Search code examples
linuxwindowsclojureleiningen

Linux vs Windows for clojure development


I am starting to learn Clojure. I have tried it on windows on IntelliJ IDEA 14 with new cursive plugin and Eclipse with counterclockwise plugin. I have a lot of troubles with installing and setting up the leiningen, repl and other plugins/tools useful for Clojure development.

My question is: Is it worth effort and time to switch from Windows to Linux ubuntu or some other distro, because I heard there are so much advantages of Linux terminal and other tools.

PS. Emacs to hard for me to learn yet :)


Solution

  • I use Intellij 14 with Cursive on both OSX (at work) and Windows (at home). The experience is essentially identical within those environments, and you can share your Intellij config between them. The only difference comes on the command line, where the OSX terminals are way better than the Windows ones (although ConEmu helps a lot), so on Windows I also run a headless linux VM with Vagrant because I prefer a linux-ey shell and have got bored of Cygwin.

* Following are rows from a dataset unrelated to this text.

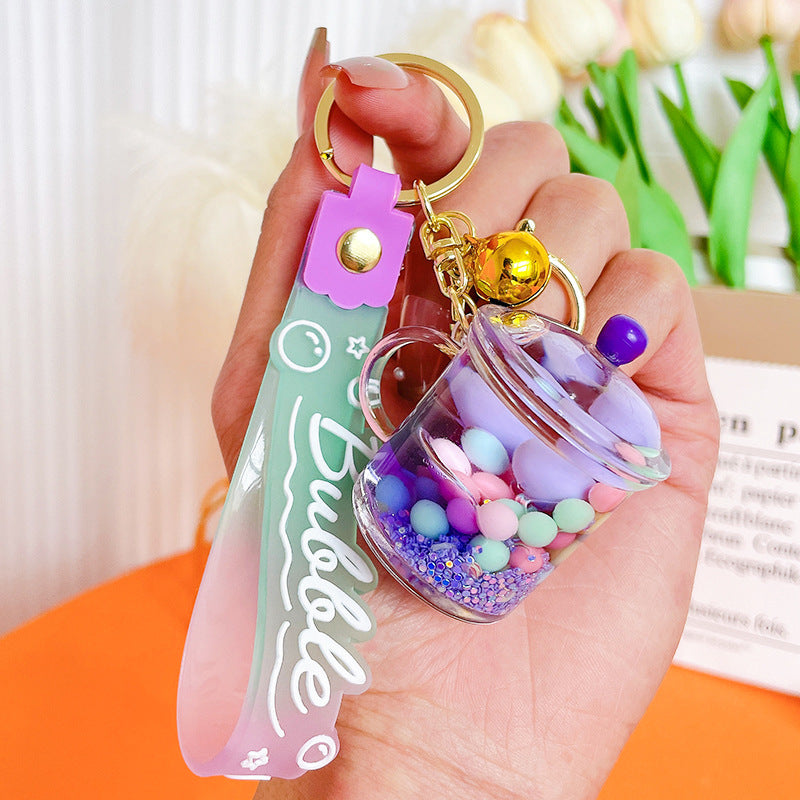 Wholesale Acrylic Oil-In Mugs Liquid Quicksand Keychain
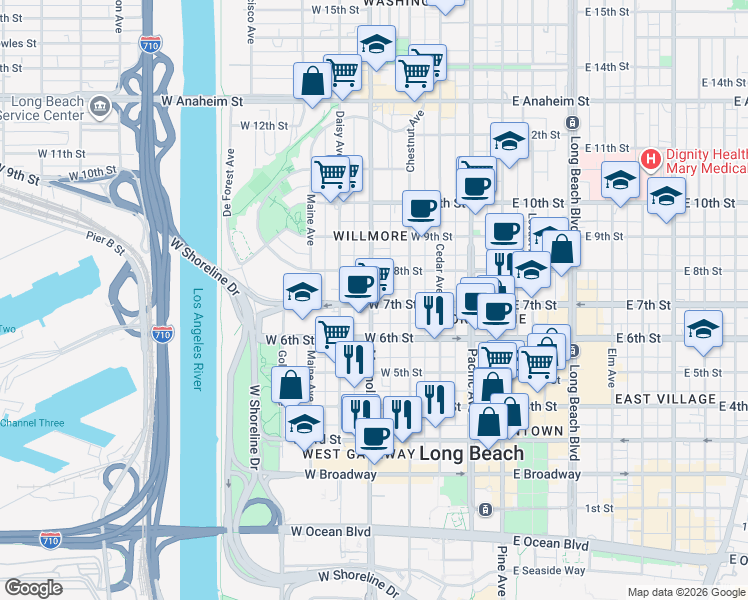 map of restaurants, bars, coffee shops, grocery stores, and more near 519 West 7th Street in Long Beach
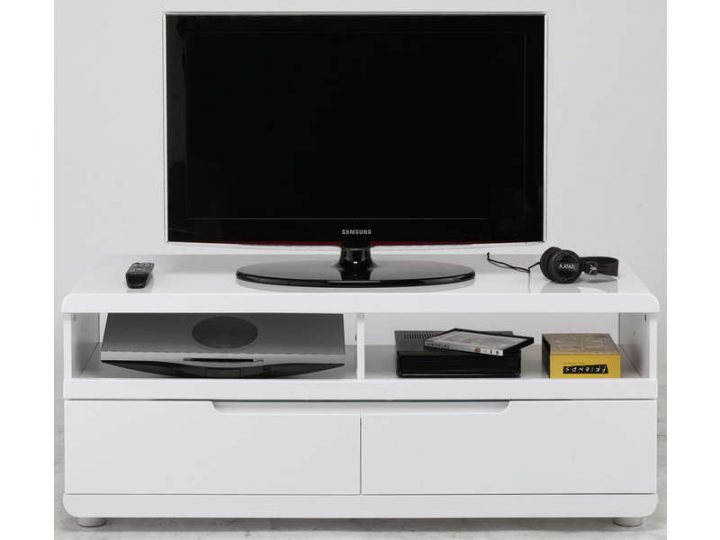 Meuble Tv 120 Cm Finition Laqué Bel Air Coloris Blanc à Meuble Télé Conforama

    I'd say there's no Clojure-specific reason to choose OSX, Windows or Linux over the others. Make your choice for other reasons that are important to you.

    Incidentally I've also tried LightTable, and it is an excellent Clojure dev environment, but isn't nearly so useful for polyglot development - I'd recommend Intellij or Emacs ahead of it. If I'm using Java interop with Clojure or JavaScript interop with ClojureScript, I value the full functionality Intellij provides when I jump through into those languages. Both Intellij and Emacs have the abilities to run REPLs and send forms to them, and Intellij 14 now has a Show Variables In Editor debugging option, which isn't a million miles away from LightTable's Instarepl.